Gain on sale of equipment decreased by $136,000 and $511,000 for the
three and six months ended June 30, 1998, respectively, compared to the same
periods in 1997, as a result of a decrease in sales activity of the
Partnership's equipment portfolio. Correspondingly, proceeds from the sale of
equipment also decreased. The Partnership sold equipment with an aggregate
original cost of $9.5 million for the six months ended June 30, 1998, compared
to $22.4 million for the same period in 1997.
An additional factor contributing to the decline in total revenues for
the six months ended June 30, 1998, compared to the same period in 1997, is the
decrease in rental income. Rental income decreased by $363,000 for the six
months ended June 30, 1998, compared to the same period in 1997. The decrease in
rental income for the six months ended June 30, 1998 is reflective of a decrease
in the size of the equipment portfolio. The Partnership owned equipment with an
aggregate original cost of $36 million at June 30, 1998, as compared to $56.3
million at June 30, 1997. Another factor contributing to the decrease in rental
income is off lease equipment. As of June 30, 1998, the Partnership owned
equipment held for lease with an original purchase price of $13 million and a
net book value of $166,000, compared to $10.3 million and $346,000,
respectively, at June 30, 1997. The General Partner is actively engaged, on
behalf of the Partnership, in remarketing and selling the Partnership's
equipment as it becomes available. Until new lessees or buyers of equipment can
be found, the equipment will continue to generate depreciation expense without
any corresponding rental income. The effect of this will be a reduction of the
Partnership earnings during this remarketing period.
In contrast, rental income increased for the three months ended June
30, 1998, compared to the same period in the prior year, by $96,000. During the
quarter ended June 30, 1998, the Partnership received settlements from defaulted
lessees which more than mitigated the factors contributing to the decline in
rental income for the six months ended June 30, 1998.
9
<PAGE>
Total expenses decreased by $428,000 and $842,000 during the three and
six months ended June 30, 1998, as compared to the same periods in 1997. The
decrease in total expenses for the three and six months ended June 30, 1998,
compared to the same periods in the previous year, is a result of a decrease in
all items of total expense with the exception of legal fees. This decrease is
result of the continued decrease in the size of the equipment portfolio.
The increase in legal fees of $48,000 and $34,000 for both the three
and six months ended June 30, 1998, respectively, as compared to the same
periods in 1997, is a result of legal costs associated to a Class Action
Complaint as further discussed in Note 7.

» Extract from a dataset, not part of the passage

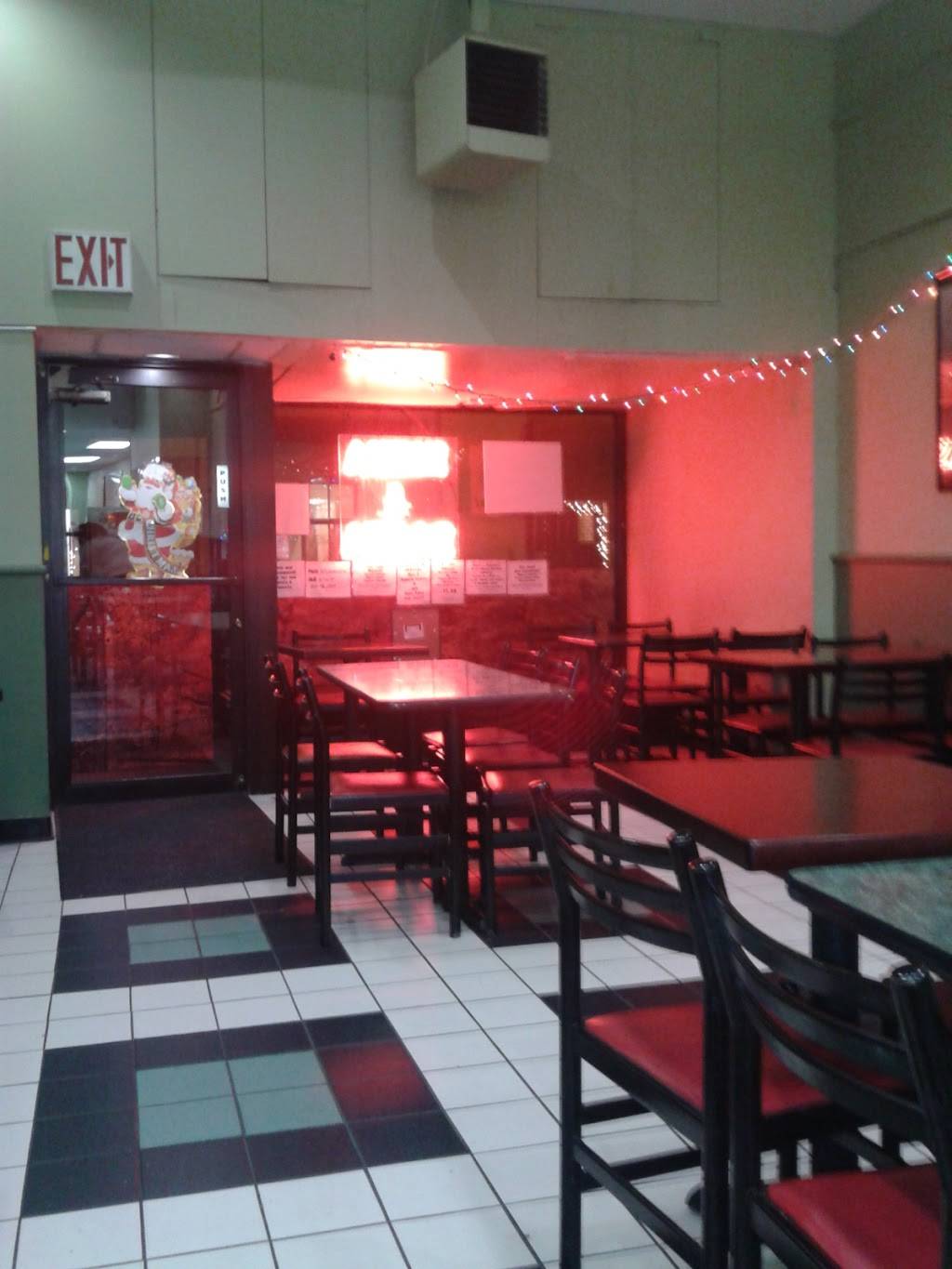 Ginos Pizza | restaurant | 81 Catherine St, New York, NY 10038, USA | 2129644533 OR +1 212-964-4533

Liquidity and Capital Resources
The Partnership's primary source of liquidity is derived from its
contractual obligations with lessees for fixed lease terms at fixed rental
amounts, and from payments of principal and interest on outstanding notes
receivable. As the initial lease terms expire, the Partnership will re-lease the
equipment or sell the equipment. The future liquidity of the Partnership will
depend upon the General Partner's success in collecting the contractual amounts
owed, as well as re-leasing and selling the Partnership's equipment as it comes
off lease.
The Partnership reported net cash generated by equipment leasing and
financing activities of $6,688,000 and $8,600,000 during the six months ended
June 30, 1998 and 1997, respectively. The net decrease in cash generated is due
to a decrease in rental income and payments on financing leases, as previously
discussed above in the Results of Operations.

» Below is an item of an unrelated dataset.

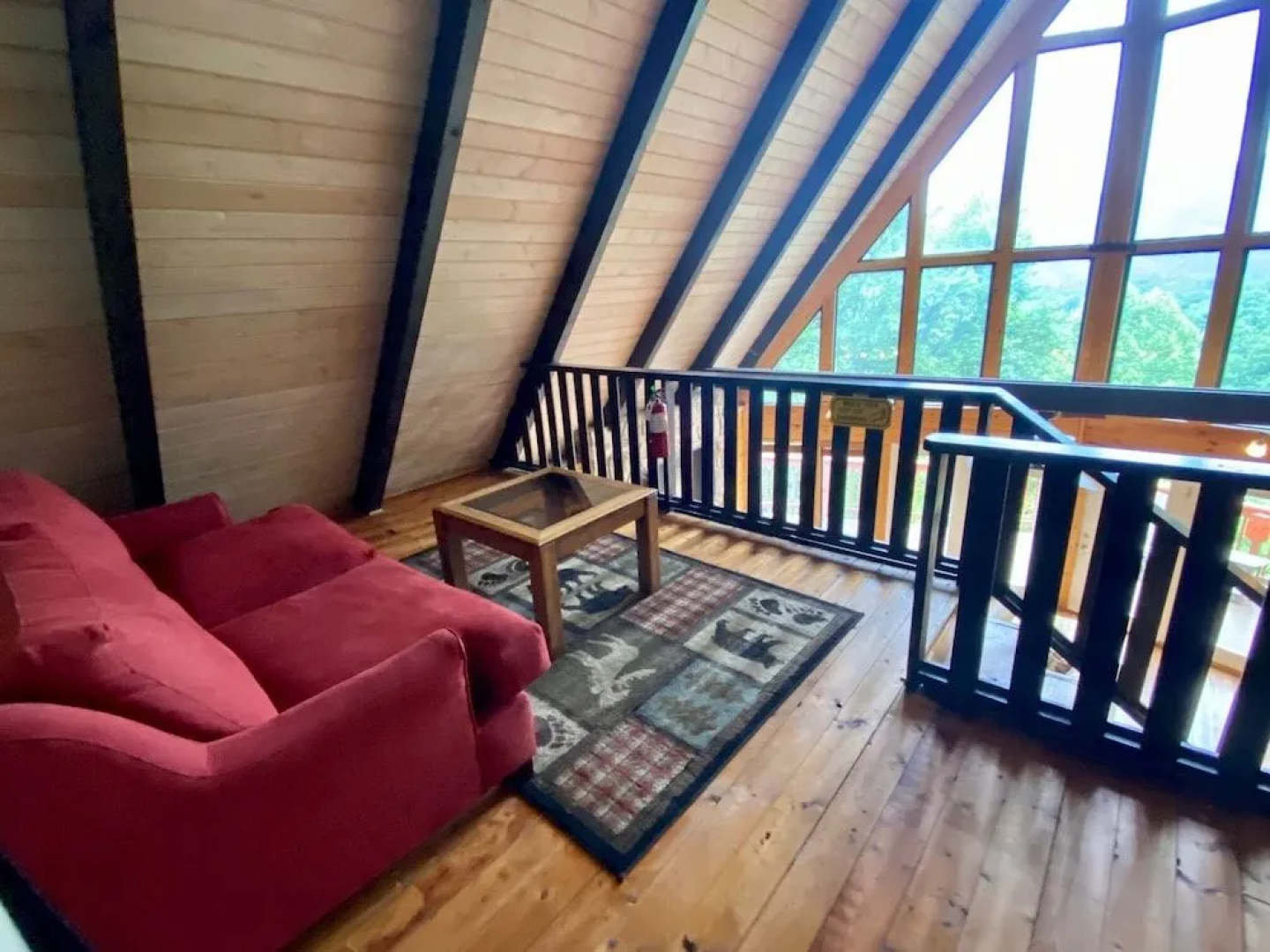 Million Dollar View - Four Bedroom Cabin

The Partnership received cash distributions from joint ventures of
$422,000 during the six months ended June 30, 1998, as compared to cash
distributions of $1,099,000 during the same period in 1997. The decrease in
distributions from joint ventures is attributable to a decline in the amount of
cash available for distribution from one equipment joint venture as a result of
a decrease in rental income and proceeds from sale of equipment.
The Partnership made no new investments in financing leases or notes
receivable during the six months ended June 30, 1998, compared to $2 million in
new investments in financing leases and $4.7 million in new notes receivable at
June 30, 1997.
The total cash distributed to partners for the six months ended June
30, 1998 was $7,841,000, as compared to $7,889,000 for the same period in 1997.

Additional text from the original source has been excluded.